Source: sample sent by the estate
From: Radda in Chianti
Key facts: 90% Sangiovese and 10% Merlot. Aged in French and American barrels for two months. Family-owned since 1840. Vineyards are 500m above sea level.

#16: L2016 Caparsa Rosso di Caparsa – Very clean approachable aromas. Some candied red fruit.
Source: sample sent by the estate
From Radda in Chianti
Key facts: Certified organic Soil type: Alberese, Galestro, clay, sand
Elevation: 450m Grapes: Sangiovese, Trebbiano and Malvasia
method of fermentation: Spontaneous with indigenous yeasts for about 12 days. Aged in cement tanks. Bottles made: 5,333

#17: 2013 Pruneto Chianti Classico – Darker red color. Tannin. Seems intense and good.Source: sample sent by the estate
From: Radda in Chianti
Farmed Organically
Soil type: Galestro, a friable schist mixed with chalk.
Elevation: 550 meters above sea level
Grapes: 95-100% Sangiovese
Method of fermentation: Hand picked, destemmed, fermented with native yeasts in concrete tanks then aged in very large neutral oak for two years then two years in the bottle before release. 833 cases produced.

#18: 2014 Gabbiano Chianti Classico – Seems legit.
Source: Total Wine
From: Panzano in Chianti
Key facts: A 147ha property surrounding an 12th century castle. Certified sustainable farming. Ninety percent Sangiovese, the rest is Merlot, Cabernet Sauvignon, Cabernet Franc, Syrah, Petit Verdot , Colorino, and Malvasia. Temperature-controlled fermentation in tank, followed by 8-10 months of ageing in 15-50hl French oak casks.
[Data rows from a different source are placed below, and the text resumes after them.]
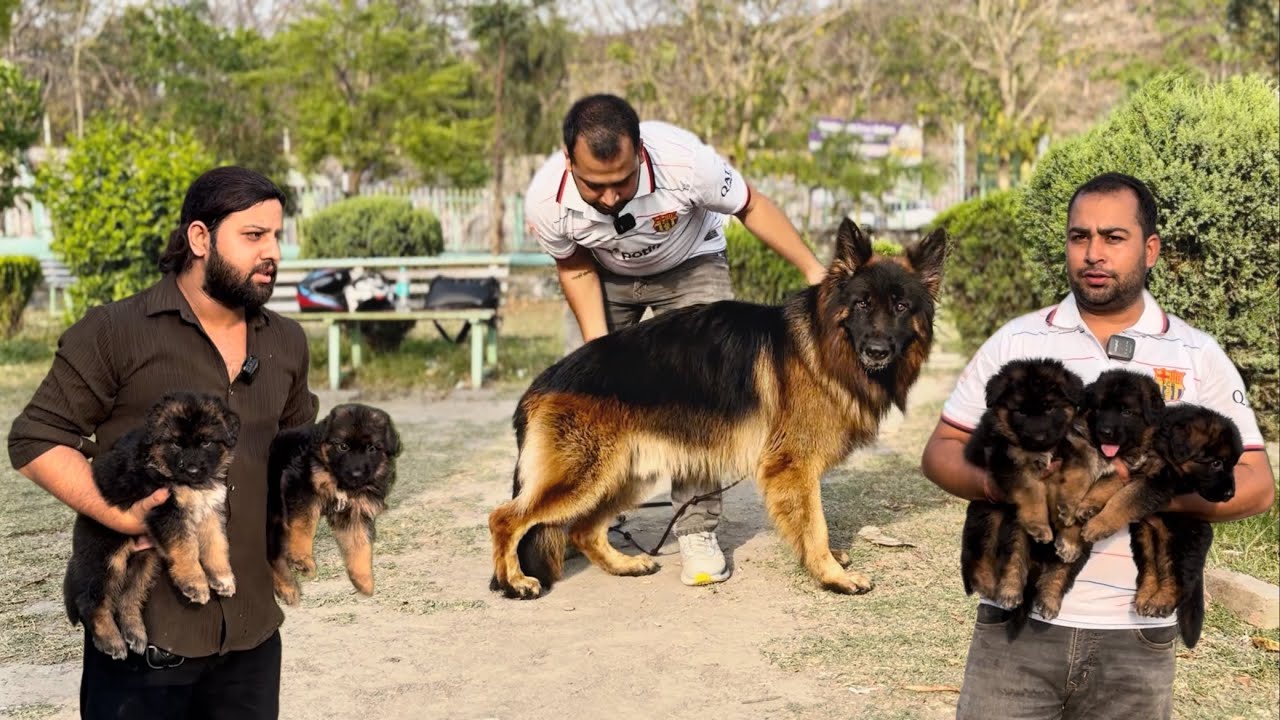 Long Coat Germany 🇩🇪 Import Stud German Shepherd | Double Coat Pure German Shepherd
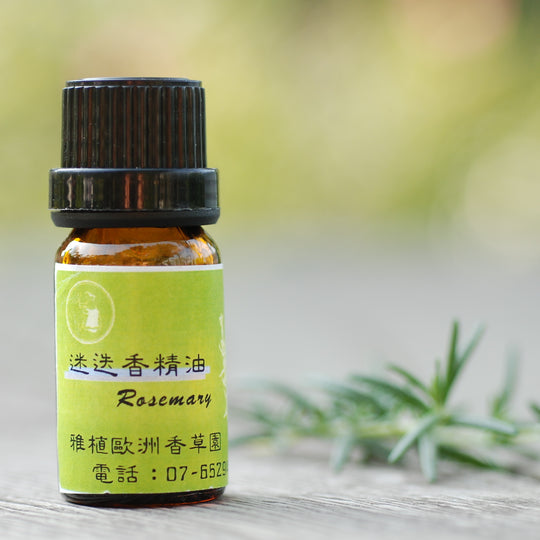 Y03-迷迭香精油-10ml/瓶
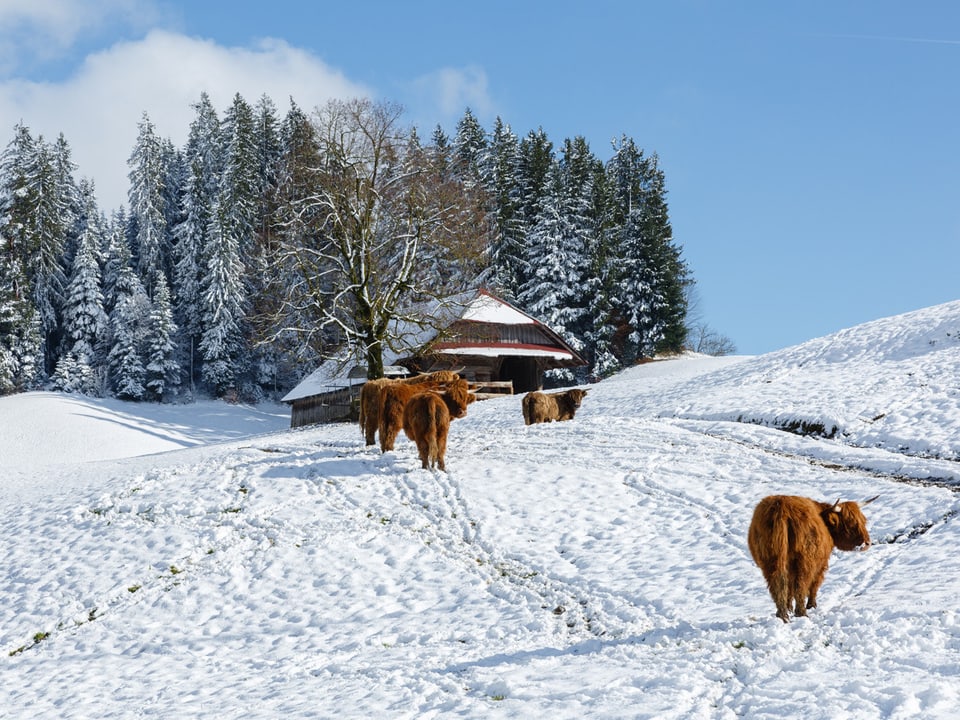 Hochlandrinder mit dickem Fell im Schnee.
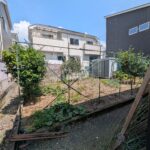 庭にはキンカン、みかん、、かぼす、すだちが育っています。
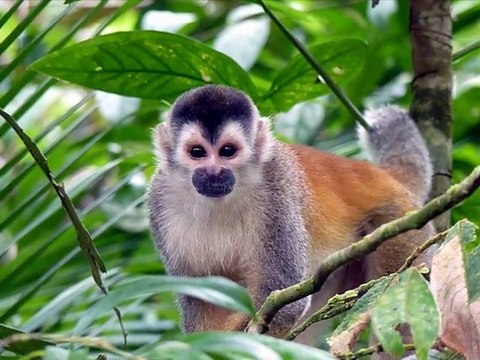 Invitation au voyage Amazonie - editionslignecontinue.info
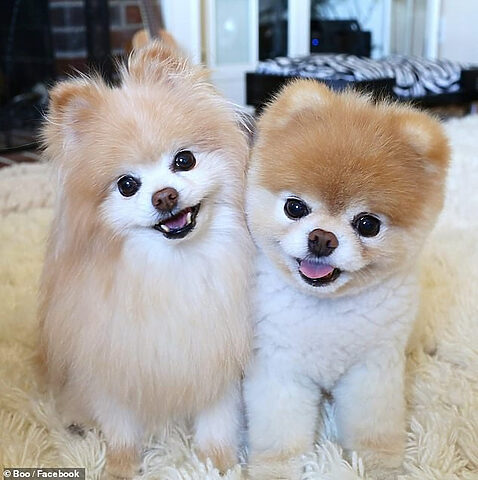 Boo, chú chó có vẻ ngoài độc đáo và tính cách dễ thương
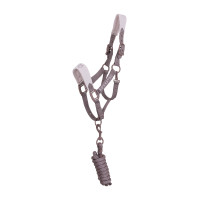 Licol technique avec double réglage et boucles revêtues de caoutchouc Equestro Antler / violet feutré Licol technique avec double réglage et boucles revêtues de caoutchouc Equestro Antler / violet feutré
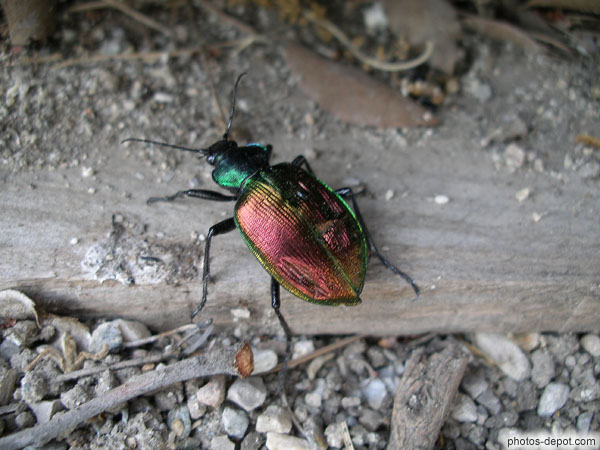 photo de coléoptère au dos multicolore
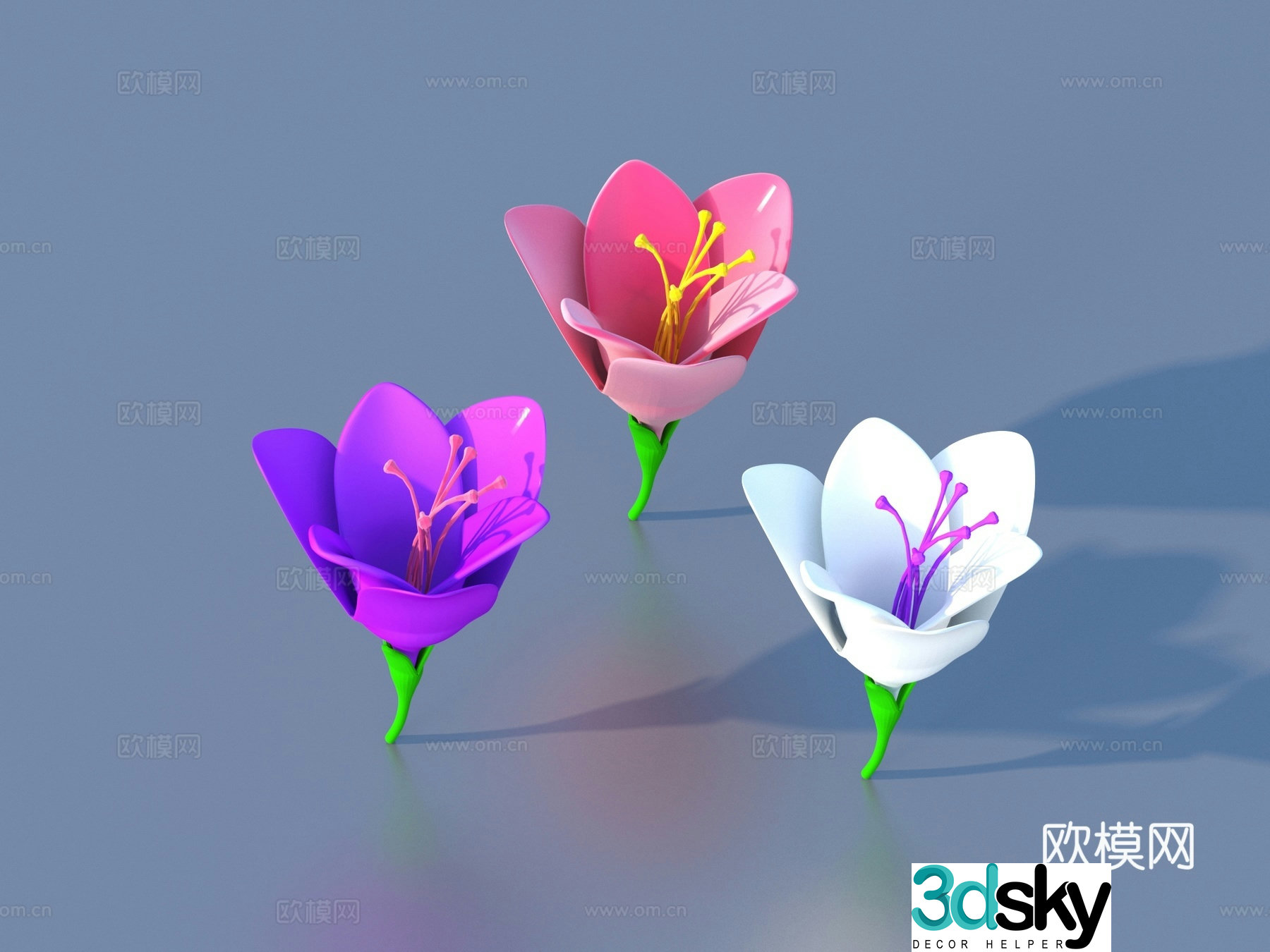Flower Cartoon Flower Wild Flower Green Plant Flower 3d Model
#19: 2015 Monte Bernardi Retromarcia Chianti Classico – Fresh dark fruit. Some tannin, balance.
Source: Chambers St. Wines
From: Panzano in Chianti
Key facts: Nine and a half hectares of vineyards at 350m above sea level in southernmost Panzano that look down on the Pesa river. Organic farming. Ninety-five percent Sangiovese, three percent Merlot, two percent Canaiolo Nero.

#20: 2014 Monte Bernardi Chianti Classico straw basket – Red fruit. Tasty.
Source: Chambers St. Wines
From: Panzano in Chianti

Key facts: Owner Michael Schmetzler favors 1980’s clones of Sangiovese with larger, slower-to-ripen grapes with thin skins. Low-density plantings, close to the regional minimum. Schmetzler harvests variably ripe fruit and doesn’t use a sorting table. He uses large oval German and Austrian oak casks for fermentation and aging.
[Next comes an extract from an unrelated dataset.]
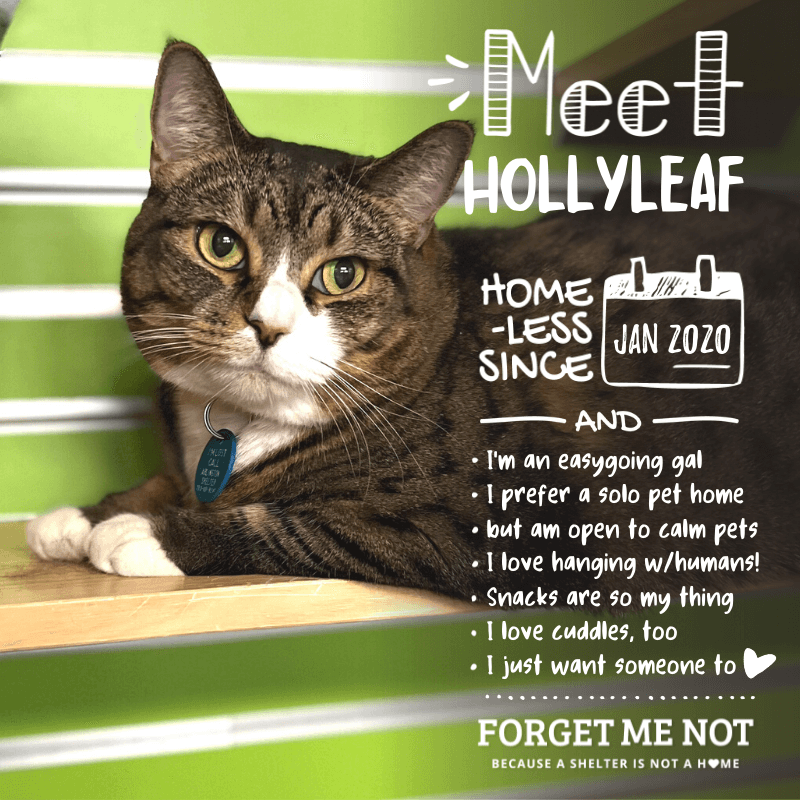 Hollyleaf is a special girl looking for a quiet, low-stress home - and  snacks!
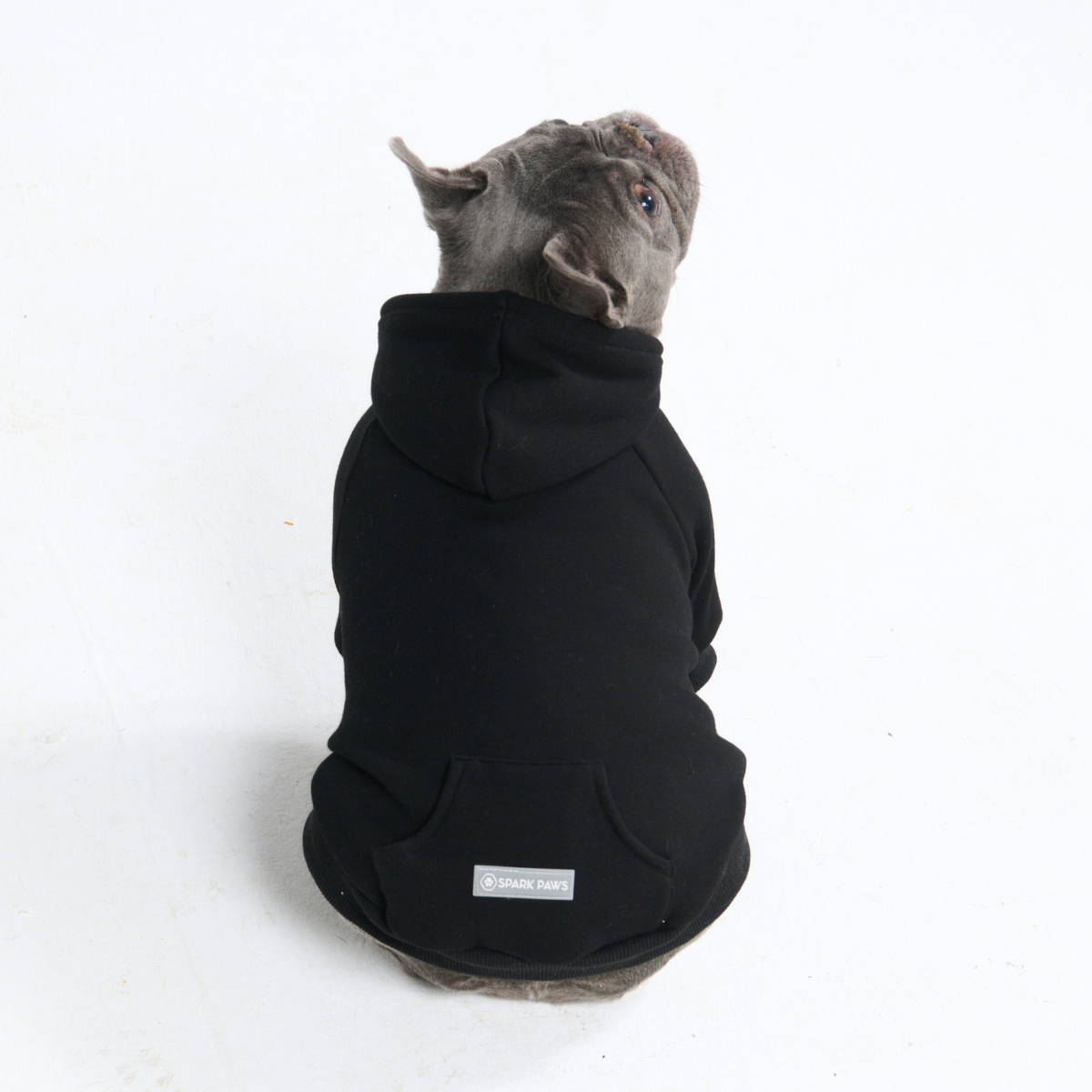 Essential Dog Hoodie - Black - Image 11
#21: 2015 Castello dei Rampolla Chianti Classico – Tastes a little more oxygen exposed. Older barrels maybe? Tastes old school.
Source: Chapel Hill Wine Co.
From: Panzano in Chianti

Key facts: Sangiovese, Cabernet and Merlot. Aged for eight months in concrete tank, 12 months in barrel and six months in bottle. 25-40,000 bottles made annually. Biodynamic farming practices are used at the estate. Owned by the di Napoli family since the 1960s.
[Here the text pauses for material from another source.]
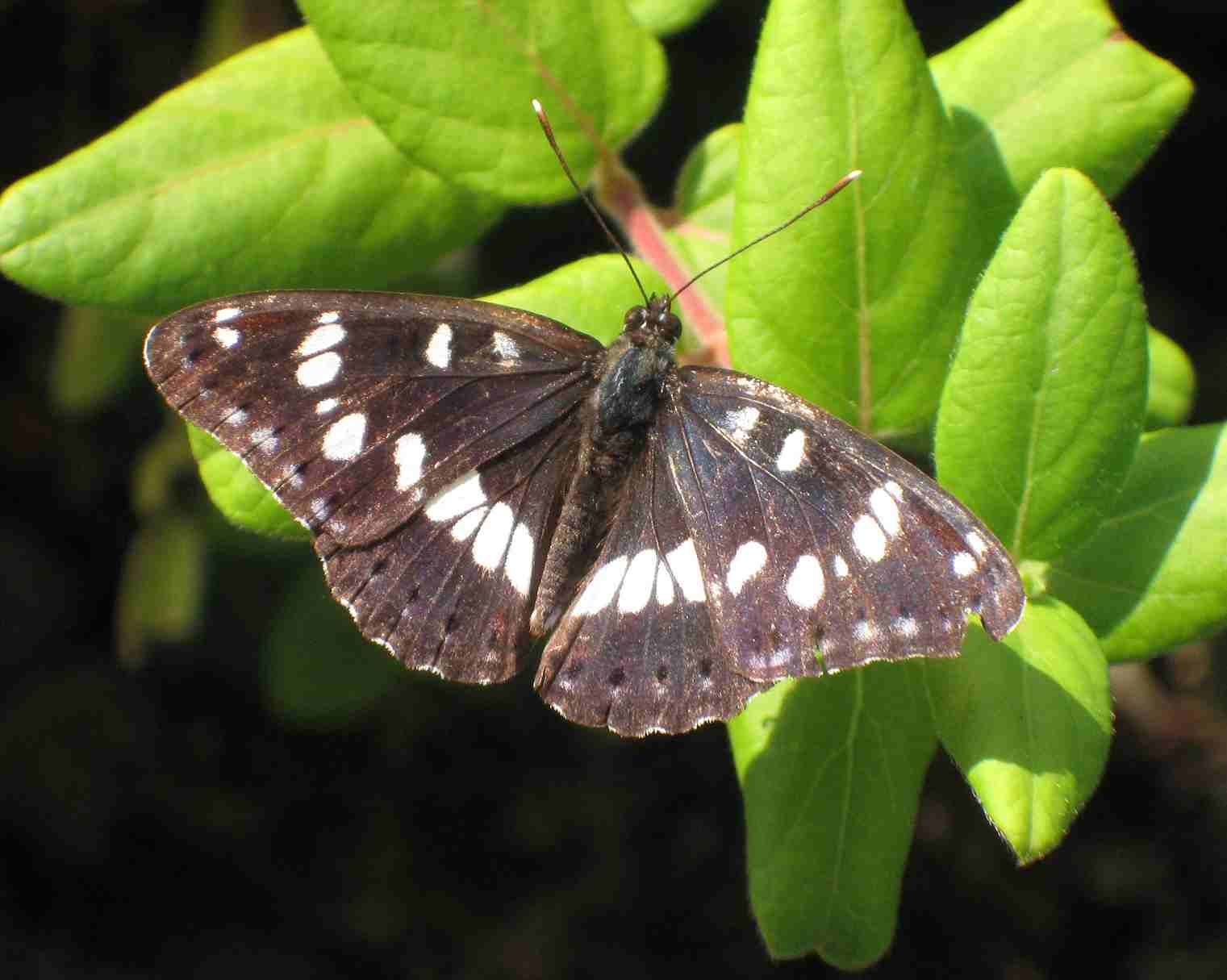 Limenitis reducta Limenitis reducta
#22: 2015 Le Masse di Lamole Chianti Classico – Approachable. Some dark fruit. I gave this a star (about as good a rating as I give.)
Source: Raleigh Wine Shop
From: Lamole

Key facts: vinified in steel without temperature control. From high elevation bush vines, organically farmed. Aged in 100-year-old 15-25hl chestnut barrels. The soil is Macigno, which is compressed sandstone (arenaria in Italian) with traces of Silicon. 95% Sangiovese, 5% Malvasia Nera. Wild yeast fermentation, 1,200 cases made.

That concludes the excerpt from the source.